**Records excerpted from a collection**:
Content starts

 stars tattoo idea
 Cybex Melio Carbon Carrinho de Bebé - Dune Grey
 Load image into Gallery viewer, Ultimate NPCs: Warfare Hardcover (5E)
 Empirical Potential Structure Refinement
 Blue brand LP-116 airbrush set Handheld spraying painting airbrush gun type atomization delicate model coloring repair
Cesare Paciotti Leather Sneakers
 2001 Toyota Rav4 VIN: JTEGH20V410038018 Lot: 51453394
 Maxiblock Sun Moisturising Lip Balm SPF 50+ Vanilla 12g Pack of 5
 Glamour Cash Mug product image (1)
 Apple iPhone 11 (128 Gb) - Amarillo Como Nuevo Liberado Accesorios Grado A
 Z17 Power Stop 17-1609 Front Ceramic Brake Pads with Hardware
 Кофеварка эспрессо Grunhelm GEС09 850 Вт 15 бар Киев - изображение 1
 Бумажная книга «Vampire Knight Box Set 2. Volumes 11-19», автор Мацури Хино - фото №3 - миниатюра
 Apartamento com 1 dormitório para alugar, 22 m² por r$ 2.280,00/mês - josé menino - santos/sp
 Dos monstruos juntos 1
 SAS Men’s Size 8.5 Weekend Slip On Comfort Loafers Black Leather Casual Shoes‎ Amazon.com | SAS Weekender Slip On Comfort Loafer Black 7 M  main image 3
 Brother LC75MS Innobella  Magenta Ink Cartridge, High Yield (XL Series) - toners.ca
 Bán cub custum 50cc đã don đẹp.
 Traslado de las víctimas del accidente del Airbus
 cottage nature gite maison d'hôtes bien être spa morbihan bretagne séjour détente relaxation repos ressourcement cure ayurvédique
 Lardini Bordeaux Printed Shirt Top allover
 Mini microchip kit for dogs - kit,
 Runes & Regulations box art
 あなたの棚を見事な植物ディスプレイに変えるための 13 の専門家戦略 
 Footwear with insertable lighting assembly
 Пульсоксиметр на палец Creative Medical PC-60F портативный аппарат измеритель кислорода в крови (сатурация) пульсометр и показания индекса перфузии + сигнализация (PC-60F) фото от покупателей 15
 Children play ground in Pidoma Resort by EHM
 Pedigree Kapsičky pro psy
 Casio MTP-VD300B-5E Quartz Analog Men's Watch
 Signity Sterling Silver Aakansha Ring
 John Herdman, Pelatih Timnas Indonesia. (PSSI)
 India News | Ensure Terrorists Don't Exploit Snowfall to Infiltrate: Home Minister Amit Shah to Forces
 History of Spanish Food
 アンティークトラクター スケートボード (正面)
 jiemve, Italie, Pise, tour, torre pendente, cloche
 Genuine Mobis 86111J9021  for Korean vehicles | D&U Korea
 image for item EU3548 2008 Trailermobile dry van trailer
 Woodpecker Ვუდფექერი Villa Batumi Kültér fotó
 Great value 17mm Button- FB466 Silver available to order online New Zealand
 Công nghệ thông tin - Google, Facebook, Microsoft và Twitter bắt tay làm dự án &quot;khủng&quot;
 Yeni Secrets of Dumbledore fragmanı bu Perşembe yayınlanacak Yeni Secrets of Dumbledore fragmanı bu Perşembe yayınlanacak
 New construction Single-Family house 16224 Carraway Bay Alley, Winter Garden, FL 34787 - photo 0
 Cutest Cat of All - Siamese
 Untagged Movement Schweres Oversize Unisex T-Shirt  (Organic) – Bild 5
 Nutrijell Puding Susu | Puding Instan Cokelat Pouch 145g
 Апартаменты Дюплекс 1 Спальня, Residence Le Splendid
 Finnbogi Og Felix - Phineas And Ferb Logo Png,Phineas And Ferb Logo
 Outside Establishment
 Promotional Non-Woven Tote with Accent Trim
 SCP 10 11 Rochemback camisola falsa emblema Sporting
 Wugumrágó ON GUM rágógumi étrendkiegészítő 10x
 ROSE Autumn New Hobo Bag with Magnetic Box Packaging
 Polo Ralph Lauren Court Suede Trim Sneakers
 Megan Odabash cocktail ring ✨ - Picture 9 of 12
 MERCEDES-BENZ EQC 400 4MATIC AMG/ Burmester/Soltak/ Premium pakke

Content ends

**Problem statement**: Pull every line containing "Shirt" from the data.

**Task solution**:
 Lardini Bordeaux Printed Shirt Top allover
 Untagged Movement Schweres Oversize Unisex T-Shirt  (Organic) – Bild 5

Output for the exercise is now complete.